Ousted farmers go legal route in SA

Tue, Jan 12, 2010

JOHANNESBURG - Three Zimbabwe farm owners who have been violently ousted from their farms are seeking to enforce their rights in terms of SA Development Community (SADC) Tribunal rulings through a South African court.

JOHANNESBURG - Three Zimbabwe farm owners who have been violently ousted from their farms are seeking to enforce their rights in terms of SA Development Community (SADC) Tribunal rulings through a South African court.

Civil rights movement AfriForum assisted South African Louis Fick, who previously farmed in Zimbabwe, and Zimbabwean commercial farmers Richard Etheredge and William Campbell to bring an urgent application before the North Gauteng High Court yesterday. The application will continue today.

The farmers approached the court for permission to serve papers in their main application on the offices of the Zimbabwean Attorney-General and Justice Minister in Harare.

This will allow them to cite the Zimbabwe government as a party to their application to register two SADC Tribunal rulings and a costs order in favour of Zimbabwe’s besieged farmers in the High Court of South Africa for purposes of enforcement in this country.

The tribunal held that the Zimbabwe government’s land seizure programme constituted unlawful and unjustifiable racial discrimination, infringed the right of access to courts and amounted to arbitrary expropriation without compensation.

It ordered that compensation had to be paid to farmers whose farms had already been expropriated and that the rights of remaining farmers had to be protected.

When the Zimbabwean government, instead of taking measures to protect the farmers, continued to persecute and prosecute them, the tribunal made a second ruling against them and also made a costs order in favour of the farmers.

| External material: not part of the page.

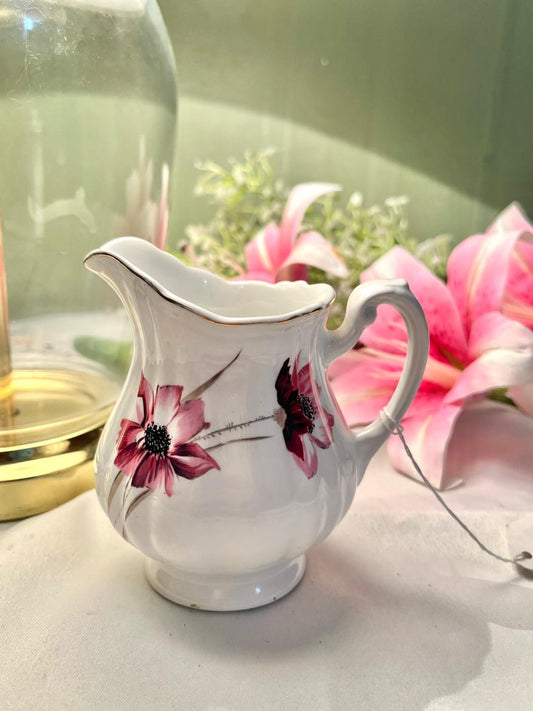 Pink Floral Ceramic Milk Jug with Gold Trim – 4 Inches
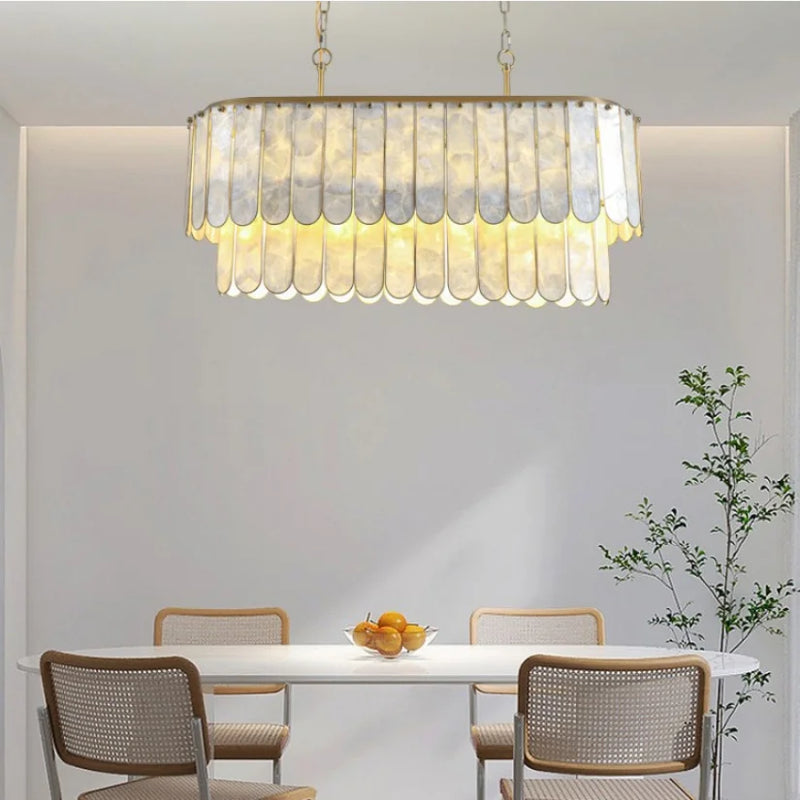 Afralia™ Shell Pendant LED Chandelier for Home Lighting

Fick said in court papers he and several hundred remaining commercial farmers, together with thousands of their employees and their families, remained subject to the continuation of the very pattern of conduct which the tribunal held to be in breach of the SADC Treaty.

“Since the awards, the reign of terror against the commercial farmers… had in fact reached a new crescendo.” Fick stressed that he and others, whose rights were in daily serious jeopardy in Zimbabwe, urgently needed to recover the costs awarded by the tribunal by seeking to attach assets from the Zimbabwe government present in South Africa.

Substantial claims for compensation also arose from the tribunal awards, which were currently being finalised and would be lodged with the tribunal for further award against the Zimbabwe government as soon as possible, he added.